100 millions dollars advice: treat your clients as people.

Face to face.

Layers and layers…

I have started this article motivated by very frustrating interactions with companies I had lately. What frustrates me more is their lack of common sense. Their complete lack of customer service…besides spending much money on it.

As a company you need to know your clients, be clear about their needs, their motivations, their goals. To know something you need to be close, listen, understand, be on their shoes.

So remove those layers and layers of call centers, emails, PO boxes and web forms.

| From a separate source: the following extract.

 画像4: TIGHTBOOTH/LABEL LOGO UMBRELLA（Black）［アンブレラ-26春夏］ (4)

You don’t need to spend millions of dollars on fancy IA bots. You just need people who listen and care. Real people I mean. People who can decide on customer’s issues and suggestions.

How to frustrate people

King’s Cross station

King’s cross stations is one of the main train stations managed by the UK Network Rail. They manage the infrastructure (rail tracks, signalling, bridges, tunnels, level crossings and many key stations) on the UK private train system, while companies run train services.

Let’s suppose you, as a user and customer, have a suggestion. Suppose you have noticed something that can improve everybody’s journeys and want to share it.

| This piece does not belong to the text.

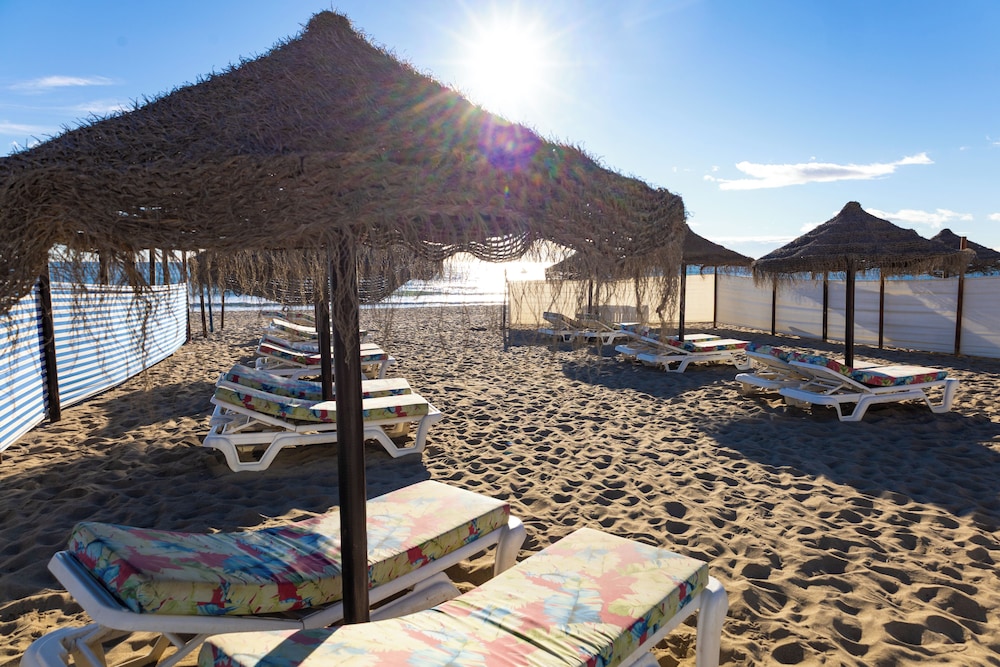 Aparthotel Jabega — Beach in Fuengirola, Andalusia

You head to their web page… to find a contact form made of 22 fields and the need to create an account. Starting to feel the wall they are building between you and them, you go to the station…but no customer care office there. So look for a manager on duty, approach him and:

  • you: morning sir, I use this station every day and noticed that…
  • manager (interrupting): what is your problem?
  • you: no problem sir, just I have a suggestion: if you let people go through those gates there, the platform would empty faster and we wouldn’t need to be waiting as we are now, all packed against the 4 gates you have enabled.
  • manager: did you pay your journey?
  • you: of course, anyway has nothing to do with my suggestion.
  • manager (raising his voice): if you don’t like it use another gate

turns around and leaves you talking alone.

HSBC

A big bank, a big name, lots of money spent on customer care. One big problem: they don’t solve your problems.

If you go to a branch, because you have an issue, they don’t try to understand it and solve it. They ask you to book a meeting, to go back to the same branch (hopefully a month later) and see if they can solve it.

You better send them an email. Then you get a copy and paste answer, with a standard “thank you for contacting us”, with no solution to your problem.

Their focus is on avoiding responsibility, never on solving your problems, doesn’t matter if they cause them.

100 millions dollars advice

Just follow this 4 steps. Don’t hire a multi million consulting firm. Don’t buy the latest AI boot. Don’t spend on a CRM. Just:

1- No walls between your company and your clients. Have an human, a face, another human being, so your clients can go and talk about the problems your company can’t solve.

2- Listen to them. Understand what the problem is. Really understand what the problem is. Don’t fill in forms, listen.

3-Solve their problems. Solve the problem for them, don’t give instructions on how to solve it. Don’t say “sorry”, say “don’t worry, it is solved now”.

4-Show them that you care. You show that you care if a decision maker contact them. Don’t have a 20 years old sending a standard email. Have your manager contacting the client.